Oil prices surged by as much as 44 cents a barrel Tuesday after Kuwait's oil minister said OPEC production is running 15% below its official ceiling and Iran warned that it can close the entrance to the vital Persian Gulf oil route.
On the New York Mercantile Exchange, West Texas Intermediate, the benchmark U.S. crude for immediate delivery, shot up 44 cents to $18.71 a barrel in a late-session buying spree. On the U.S. Gulf Coast spot market, it rose 20 cents to $18.75 a barrel.
On the European spot market, where oil is sold to the highest bidder, Britain's North Sea Brent crude jumped by 25 cents to $18.25 a barrel. The United Arab Emirates' Dubai Light, a key OPEC crude, added 10 cents to $16.90 a barrel.
Home-heating oil for immediate delivery on the Merc gained 1.19 cents to 50.50 cents a gallon, and unleaded gasoline climbed 1.11 cents to 53.98 cents a gallon.
Peter Beutel, analyst at Elders Futures Inc. in New York, said home-heating oil's strong showing helped to push up crude oil prices in trading dominated by technical factors.
"The market responded positively to the Kuwaiti oil minister's statement that OPEC is producing 2.4 million barrels less than its quota and clearly reacted to the placement of Silkworm missiles by Iran at the mouth of the Persian Gulf," said Sanford L. Margoshes, analyst at Shearson Lehman Bros. Inc. in New York.
Kuwaiti Oil Minister Sheik Ali Khalifa al Sabah told the Kuwait newspaper Al Rai al Am that oil prices would rise next month because OPEC is producing only 13.4 million barrels a day, 15% below its self-imposed limit of 15.8 million barrels a day.

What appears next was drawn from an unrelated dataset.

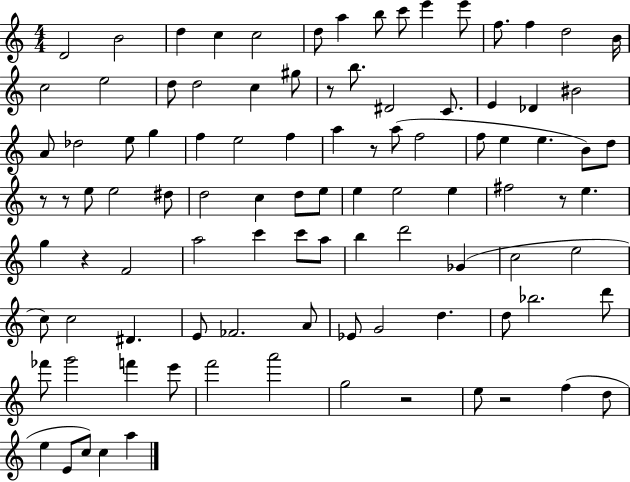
D4/h B4/h D5/q C5/q C5/h D5/e A5/q B5/e C6/e E6/q E6/e F5/e. F5/q D5/h B4/s C5/h E5/h D5/e D5/h C5/q G#5/e R/e B5/e. D#4/h C4/e. E4/q Db4/q BIS4/h A4/e Db5/h E5/e G5/q F5/q E5/h F5/q A5/q R/e A5/e F5/h F5/e E5/q E5/q. B4/e D5/e R/e R/e E5/e E5/h D#5/e D5/h C5/q D5/e E5/e E5/q E5/h E5/q F#5/h R/e E5/q. G5/q R/q F4/h A5/h C6/q C6/e A5/e B5/q D6/h Gb4/q C5/h E5/h C5/e C5/h D#4/q. E4/e FES4/h. A4/e Eb4/e G4/h D5/q. D5/e Bb5/h. D6/e FES6/e G6/h F6/q E6/e F6/h A6/h G5/h R/h E5/e R/h F5/q D5/e E5/q E4/e C5/e C5/q A5/q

Iranian Parliament Speaker Hashemi Rafsanjani, in an interview broadcast on Tehran radio, said his nation has enough artillery to close the Strait of Hormuz at the mouth of the Persian Gulf without resorting to missiles.
Reports in the United States said Iran has installed Silkworm missiles in the strait to use against its OPEC archenemy Iraq in the 6 1/2-year-old Persian Gulf war.